Claims against Total Facility Solutions, Inc. (TFS) for breach of contract and breach of an implied covenant of good faith and fair dealing have been dismissed. Defendants contend that TFS cannot be liable as it was not a party to the contract. The complaint asserts that at the time the Agreement was made, TFS was considered a branch of M. W U.S., which performed similar work. The plaintiff cites shared letterhead, email, address, and corporate officers as evidence of TFS's status as a successor entity. However, the contract was non-transferable, and the allegations do not provide grounds for TFS's liability as a successor or indicate that M. W U.S. had the authority to bind TFS. While the facts may support a claim for commissions on TFS's projects, they do not establish TFS's liability under the 2004 Agreement.

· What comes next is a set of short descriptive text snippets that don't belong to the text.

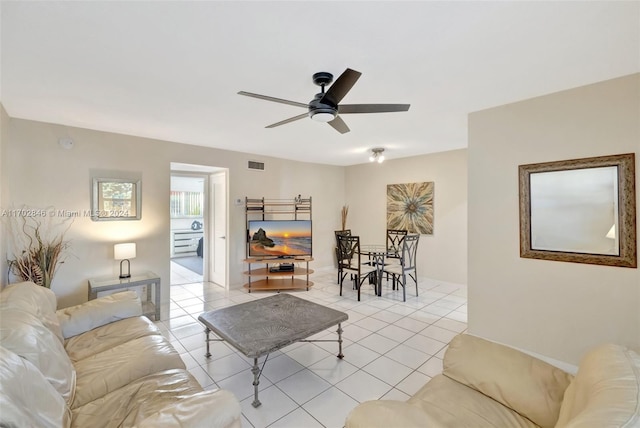 living room featuring ceiling fan and light tile patterned floors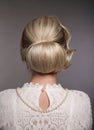 Wedding hairstyle. Portrait of Retro woman with shiny wavy bundle hair, feather in head. Back view of Elegant lady posing isolated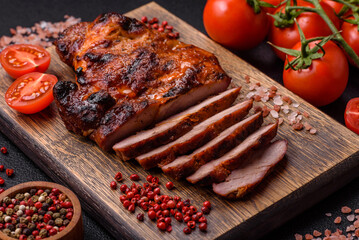 Fresh juicy delicious beef steak on a dark background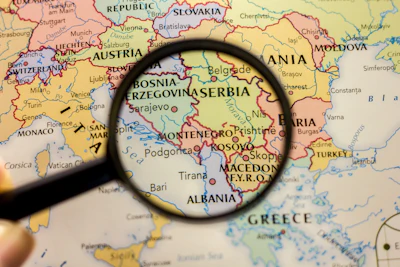 Magnifying glass examining a map of the Balkans region showing Serbia, Bosnia, Kosovo, and surrounding countries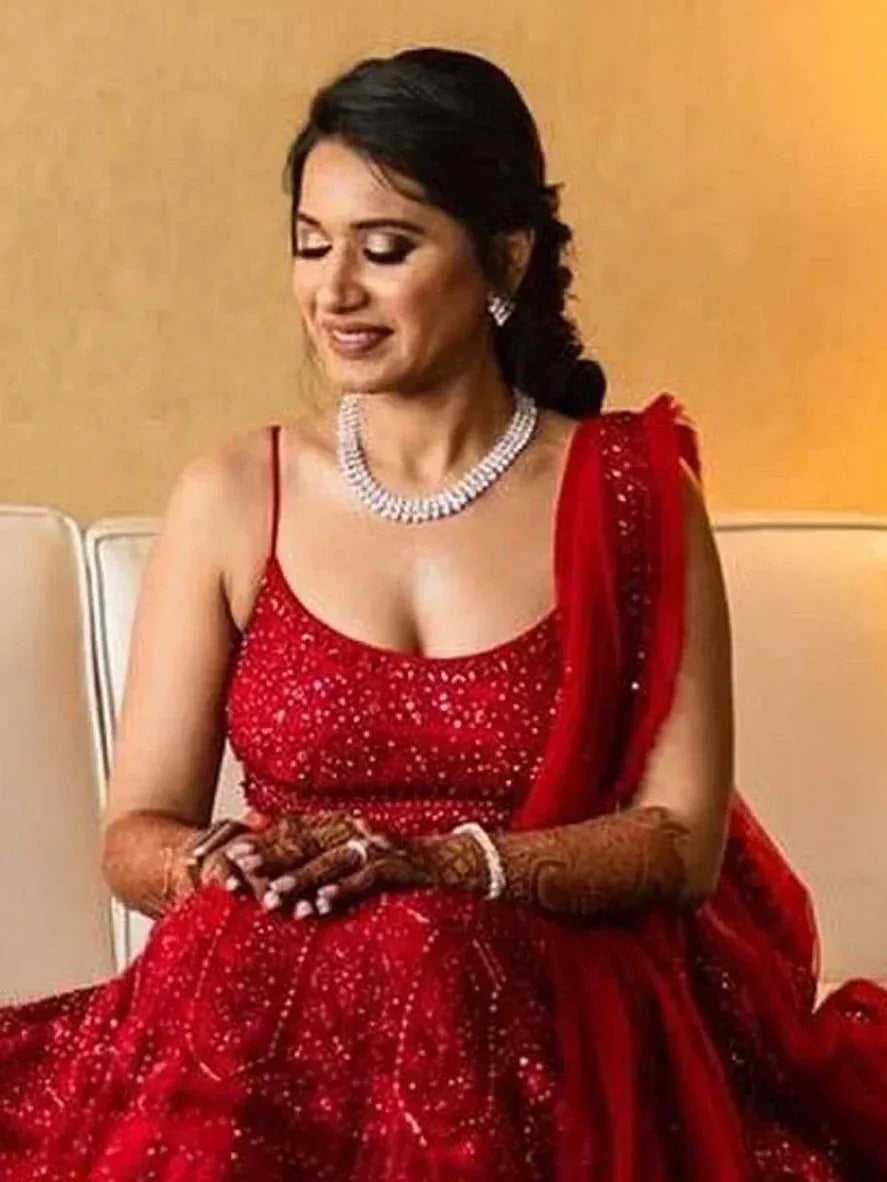 Red sequined lehenga choli with dupatta, perfect for Indian weddings and festive occasions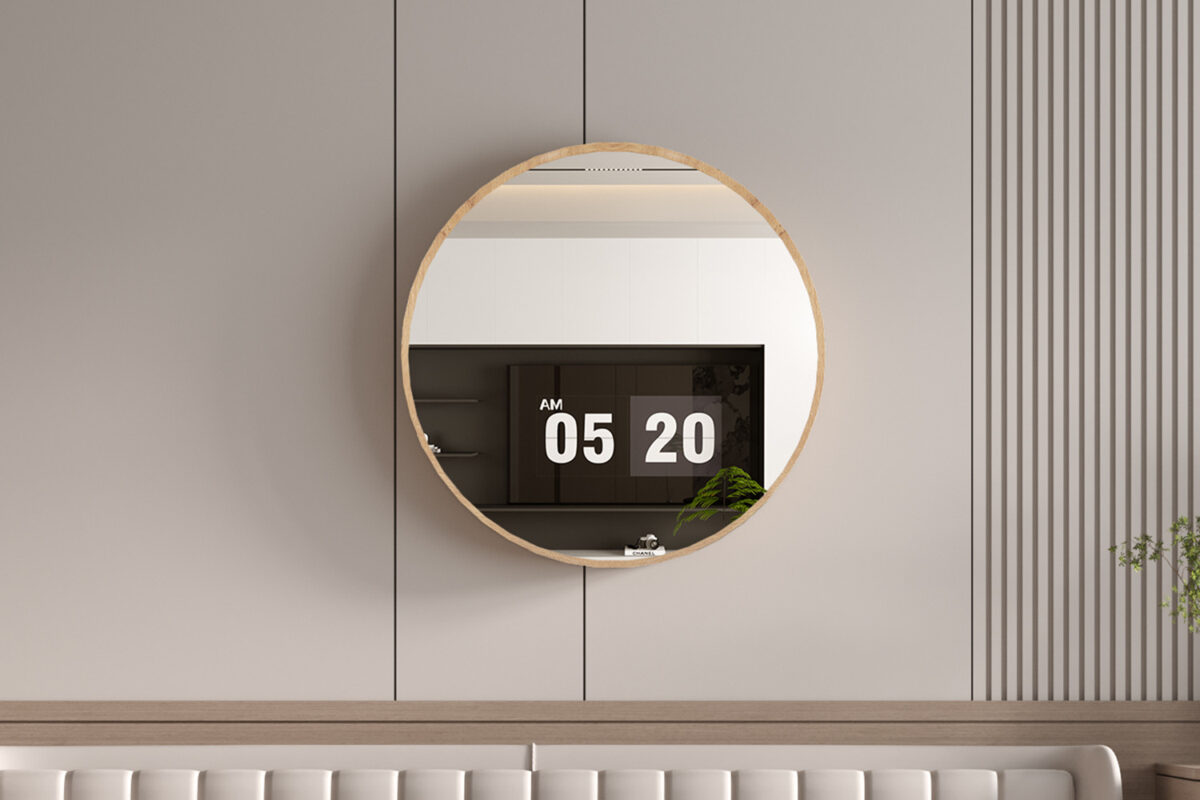 De Spiegel 'Roxy' 80x80 Oude eik (1c), een ronde spiegel met een lichte houten lijst, hangt aan een beige muur die een digitale klok van 5:20 AM, moderne kasten en een groene plant weerspiegelt. De minimalistische kamer heeft subtiele verticale lijnen.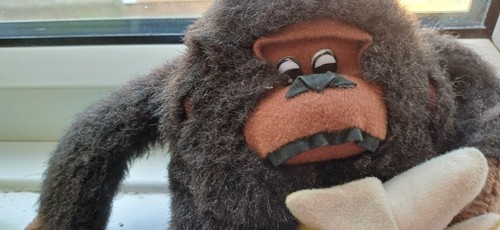 Gorilla with banana - gorilla,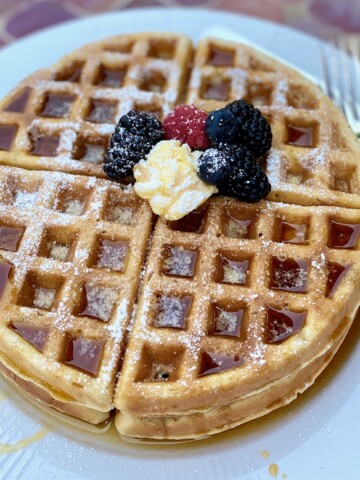 waffle on plate on red table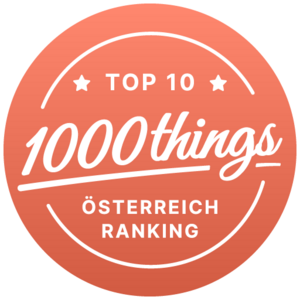 Ein lachsfarbener Kreis mit dem Schriftzug Top 10 1000 things Österreich Ranking.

Additionally, the plaintiff brings two counts of tortious interference against M. W Group and M. W Products, alleging that the German Defendants interfered with the Agreement by selling products directly in the Sales Territory and by improperly procuring its termination. Count VIII also alleges tortious interference with prospective business relations due to continued dealings with IBM Essex Junction post-termination. To succeed on these claims, the plaintiff must demonstrate that the defendants intentionally and improperly induced M. W U.S. not to fulfill its contractual obligations. However, the direct sales into the Territory are not deemed wrongful or improper under the Agreement, as they were not prohibited and could potentially benefit the plaintiff by generating additional commissions. The court noted that there was no requirement for the defendants to notify the plaintiff of sales leads, and competitive business practices do not constitute tortious interference.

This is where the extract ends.